In another experiment, the researchers presented eight patients at the same time, making the game while on an operating table in Arizona will receive their DBS implantation. The researchers used an electrode to record the events directly to the STN, and found a pattern of brain activity patterns, are closely observed in the mPFC.
"STN is more action and more times, [the decision] conflict," he said. "It 'a response to situations that the signals on the scalp to respond, and very similar to the frequency ranges and intervals of time."
A mathematical model to analyze the accuracy and extent of the response time has confirmed that the increase in neural activity, and people have had time to decide because the test was processed hard.
"It was not what was expected and do nothing," said graduate student Thomas Wieck, the second author of the article. "It's been slower since you took the time to make a more informed decision. They were treated in greater depth."

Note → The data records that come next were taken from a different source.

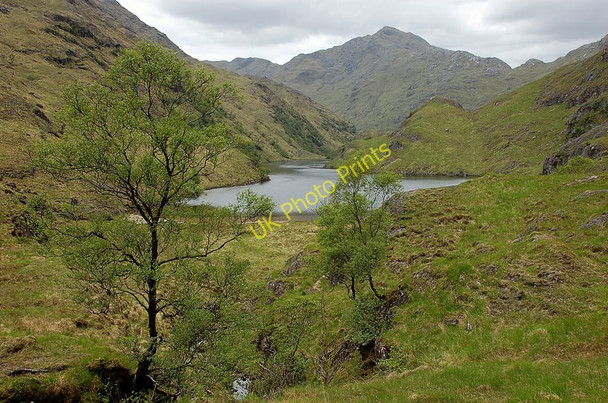 Photo 6"x4" Lochan nam Breac Lochan nam Breac\/NM9199 c2010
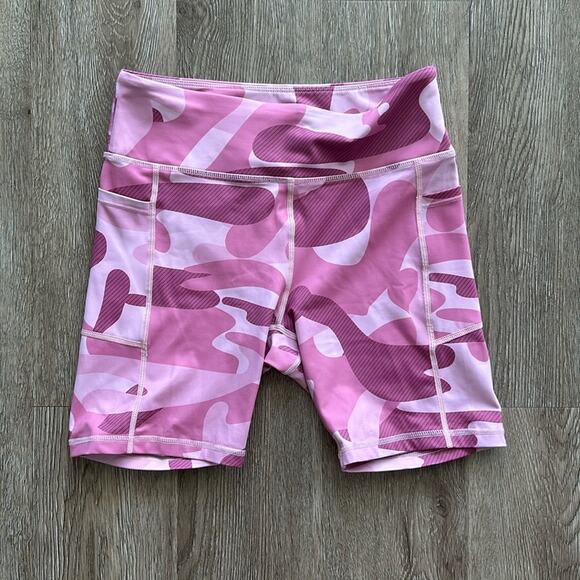 Zyia Light N Tight Pink Camo Hustle Shorts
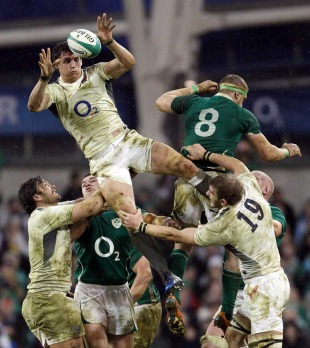 England's Tom Wood claims a lineout, Ireland v England, Six Nations, Lansdowne Road, Dublin, Ireland, March 19, 2011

The results led researchers to believe that perhaps the various brain areas communicate with these low frequency signals. Perhaps impulsive side effects of DBS could be overcome if these bands could remain without being bothered by the pacer signal. Alternatively Wieck said, a more sophisticated DBS, could feel that the resolution of conflict in the mPFC and either temporarily suspend its activities pending a decision, or stimulate the STN of a more dynamic way to better imitate the STN function intact.
These ideas are not trivial to pass engineering DBS, but by understanding the mechanics behind the side effects - and sound decision making unfettered - Scientists say they now have a goal to consider.
Besides Frank, Cavanagh and Wieck, another author Christina Brown Figueroa. The authors include Arizona, Michael Cohen, Johan Samanta, and Scott Sherman.